Fritz Haber Institute is one of the "sub" institutes of Max Planck Institute. Unless you are interested what they do, you probably have not heard of the institute. Since, I follow some of their research areas, I can say I know a some about the institute and in fact it would be an honor for me to work there one day in the future.
So I was really happy when I came across this paper about a month ago. It's a short history of the institute and the research within covering one hundred years. I am glad I read it because I was able to learn much more than I know about FHI. I did not know FHI had seven Nobel laureates for example.

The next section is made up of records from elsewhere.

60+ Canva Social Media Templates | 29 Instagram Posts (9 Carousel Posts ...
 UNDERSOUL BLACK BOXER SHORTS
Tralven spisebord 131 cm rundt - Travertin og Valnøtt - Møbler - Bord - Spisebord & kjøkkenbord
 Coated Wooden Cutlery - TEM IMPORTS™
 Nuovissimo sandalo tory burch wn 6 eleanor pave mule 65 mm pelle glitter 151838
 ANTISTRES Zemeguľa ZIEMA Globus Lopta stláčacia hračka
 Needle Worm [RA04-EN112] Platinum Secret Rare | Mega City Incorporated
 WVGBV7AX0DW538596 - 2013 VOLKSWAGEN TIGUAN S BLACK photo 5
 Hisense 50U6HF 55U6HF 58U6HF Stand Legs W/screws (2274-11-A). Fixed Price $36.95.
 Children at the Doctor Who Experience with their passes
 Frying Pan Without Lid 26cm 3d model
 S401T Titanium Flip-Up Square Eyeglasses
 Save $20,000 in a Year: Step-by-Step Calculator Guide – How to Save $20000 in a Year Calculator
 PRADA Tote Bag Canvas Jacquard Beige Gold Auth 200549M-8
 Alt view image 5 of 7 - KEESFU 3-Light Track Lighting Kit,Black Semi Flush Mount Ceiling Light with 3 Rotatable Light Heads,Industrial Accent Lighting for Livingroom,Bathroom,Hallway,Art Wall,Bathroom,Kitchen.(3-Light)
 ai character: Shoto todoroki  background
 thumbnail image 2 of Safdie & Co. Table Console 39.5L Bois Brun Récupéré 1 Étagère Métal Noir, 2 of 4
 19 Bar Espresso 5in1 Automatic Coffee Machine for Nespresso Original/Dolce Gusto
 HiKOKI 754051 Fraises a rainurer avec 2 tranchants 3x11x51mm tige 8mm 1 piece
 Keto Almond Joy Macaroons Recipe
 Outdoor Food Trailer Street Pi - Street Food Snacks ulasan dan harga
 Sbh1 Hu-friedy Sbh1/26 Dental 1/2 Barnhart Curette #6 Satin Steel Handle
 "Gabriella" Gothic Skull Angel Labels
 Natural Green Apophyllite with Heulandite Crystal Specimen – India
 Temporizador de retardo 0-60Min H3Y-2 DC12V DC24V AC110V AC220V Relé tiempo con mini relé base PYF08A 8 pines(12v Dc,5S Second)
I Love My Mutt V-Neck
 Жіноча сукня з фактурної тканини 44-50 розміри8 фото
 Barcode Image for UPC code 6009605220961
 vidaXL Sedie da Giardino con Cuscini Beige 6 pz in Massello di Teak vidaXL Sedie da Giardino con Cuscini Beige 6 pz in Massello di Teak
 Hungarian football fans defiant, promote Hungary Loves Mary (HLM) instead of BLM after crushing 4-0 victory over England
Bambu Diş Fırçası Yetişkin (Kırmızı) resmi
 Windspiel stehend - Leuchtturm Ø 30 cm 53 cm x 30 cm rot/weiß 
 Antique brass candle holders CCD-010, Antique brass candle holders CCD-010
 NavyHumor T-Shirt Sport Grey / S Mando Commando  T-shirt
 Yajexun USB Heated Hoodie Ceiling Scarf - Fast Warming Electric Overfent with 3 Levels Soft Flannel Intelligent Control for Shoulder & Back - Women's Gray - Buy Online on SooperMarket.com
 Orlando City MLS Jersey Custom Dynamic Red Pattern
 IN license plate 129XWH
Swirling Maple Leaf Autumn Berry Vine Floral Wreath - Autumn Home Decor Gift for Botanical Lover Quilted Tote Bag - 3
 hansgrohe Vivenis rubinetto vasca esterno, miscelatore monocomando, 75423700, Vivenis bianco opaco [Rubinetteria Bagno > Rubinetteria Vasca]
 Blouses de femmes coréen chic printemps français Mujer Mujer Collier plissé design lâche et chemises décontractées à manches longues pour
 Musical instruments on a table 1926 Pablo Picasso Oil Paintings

http://onlinelibrary.wiley.com/doi/10.1002/anie.201104792/abstract
Photo: Wikipedia
If you read the paper, you will learn how much the institute contributed to modern science especially in surface chemistry, heterogeneous catalysis and electron microscopy. I would like to highlight a few titles that were also related to FHI: gas masks, methane detector, allotropes of hydrogen, symmetry.
The fields of research explained by the paper are:
Gas-Phase Kinetics and Dynamics
Methane Detector
Haber-Born Cycle
Chemiluminescence
Combustion
Sttatistical Mechanics
The Franck-Hertz and the Compton Effects
Dispersion
Theoretical Chemistry
Molecular Beams
Physisorption
Colloid Chemistry
Electron Microscopy
Surface Science
[The] science research project of today is the temporary culmination of a very long, hard- fought struggle by a largely invisible community of our ancestors. Each of us may be standing on the shoulders of giants; more often we stand on the graves of our predecessors.
"In the words of the historian Fritz Stern, Haber' s Institute during the First World War became “ kind of forerunner of the Manhattan Project."